Osteosarcoma (OS) is the most common primary malignant bone tumor with multiple histological variants [1, 2]. Telangiectatic osteosarcoma (TOS), a rare subtype of OS, is histologically characterized by dilated blood-filled cavities with sarcomatous features [1,2,3]. Fortunately, TOS accounts for only 4% of all OS cases [1,2,3]. The pelvis is rarely affected by TOS with the literature reporting that only 3.1% of cases of TOS occur in the pelvis [3, 4]. We present our case of iliac TOS as a rare case presentation.

Case report

Ms. P. L. was a 33-year-old African female who presented to our tumor clinic after she was referred by her local treating hospital. Her main complaint was that of a slow-growing mass around the left groin for a period of 3 years. She reported recent pain and discomfort but no changes in her bowel habits. She had an unremarkable background medical history. On examination, she was clinically stable with a large, firm, irregular mass spanning from the left iliac bone to just above the umbilicus (almost mimicking a gravid uterus of about 20 weeks). Systemic and distal neurological examinations were both normal. Pelvic radiography in Fig. 1, showed a massive osteolytic expansile lesion eroding the upper outer half of the left ilium with intralesional calcifications. On T2 magnetic resonance imaging (MRI), images of the lesion showed a large heterogeneous intra-abdominal lesion displacing the large intestine with obvious fluid–fluid levels (see Fig. 2).

Fig. 1
figure 1

Anteroposterior view of the pelvis

Fig. 2
figure 2

MRI of the lesion

Her laboratory and metastatic workup were normal. She underwent surgical excision of the tumor with a stellate incision based on the anterosuperior iliac spine to facilitate anterior and posterior access for resection (Fig. 3). The mass, which measured 260 mm × 180 mm × 80 mm and weighed 1000 g, was excised in totality, thus leaving behind a raw cancellous iliac bone. Hemostasis and stability of the pelvis were assessed and noted at wound closure with no need for embolization or reconstruction, respectively. The final histological diagnosis was that of telangiectatic osteosarcoma of the ileum. At the final follow-up, the wounds had healed and the patient had no new complaints.

Fig. 3
figure 3

Postexcision surgical scar

Discussion

Telangiectatic osteosarcoma is a condition that has a predilection for long bones and it rarely affects the bones of the pelvis [1, 3,4,5]. About 3.1% of all cases of TOS are found in the pelvis and sacral region [3,4,5]. TOS of the pelvis should be considered in individuals between the ages of 30 to 40 years [2]. Our patient was 33-year-old and female at diagnosis, although commonly this tumor has a slight male preponderance [2]. Pelvic TOS presents similarly to TOS in the extremities [4]. Most patients report a painful mass of gradual slow growth over time [4, 5]. Our case of discussion denied a history of a painful mass and only reported a recent sensation of discomfort, hence the large mass at presentation.

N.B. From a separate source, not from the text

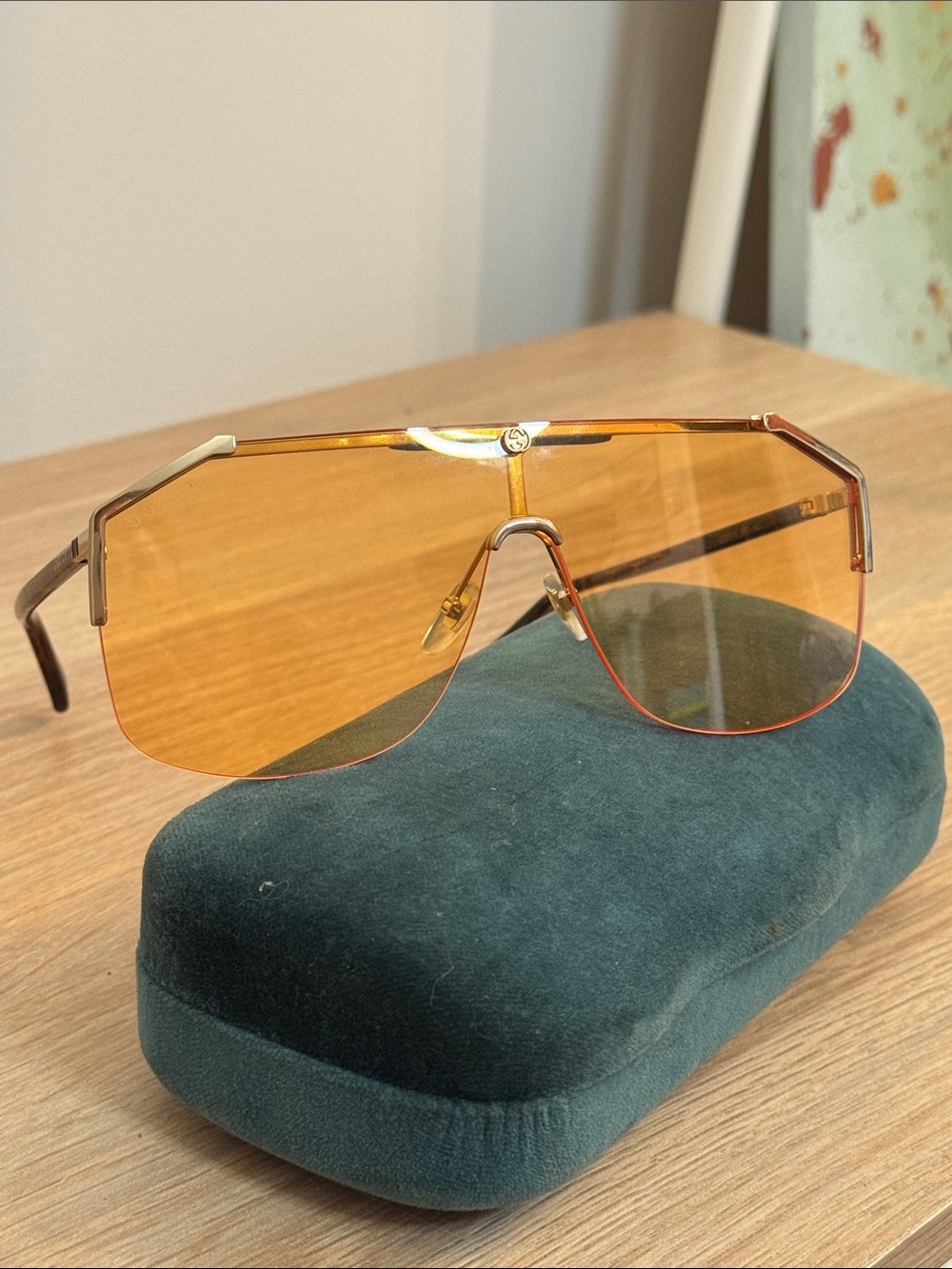 GUCCI (like new never worn) Amber /Orange Shield Sunglasses with Tortoise Arms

Radiologically, the distinction between telangiectatic osteosarcoma versus giant cell tumor (GCT) versus aneurysmal bone cyst (ABC) is challenging but feasible in cases of extremity TOS [1]. The eccentric, expansile appearance of an ABC and the classic abutment of epiphysis in GCT could help the course of diagnosis [1]. However those features of distinction are difficult to interpret in radiographs of the flat bones of the pelvis. MRI images of all three conditions also further confuse the situation as they can all depict large cysts with fluid–fluid levels [2, 3]. Our case showed a large expansile lesion with multiple large fluid–fluid levels on T1 MRI images. Histologically the presence of malignant cells along the cysts separating septae with osteoid formation are highly suggestive of TOS [2,3,4]. The case of discussion revealed no malignant cells but had a substantial amount of osteoid formations on the second review of the excised tumor mass, and hence an amendment to the initial histology report was made.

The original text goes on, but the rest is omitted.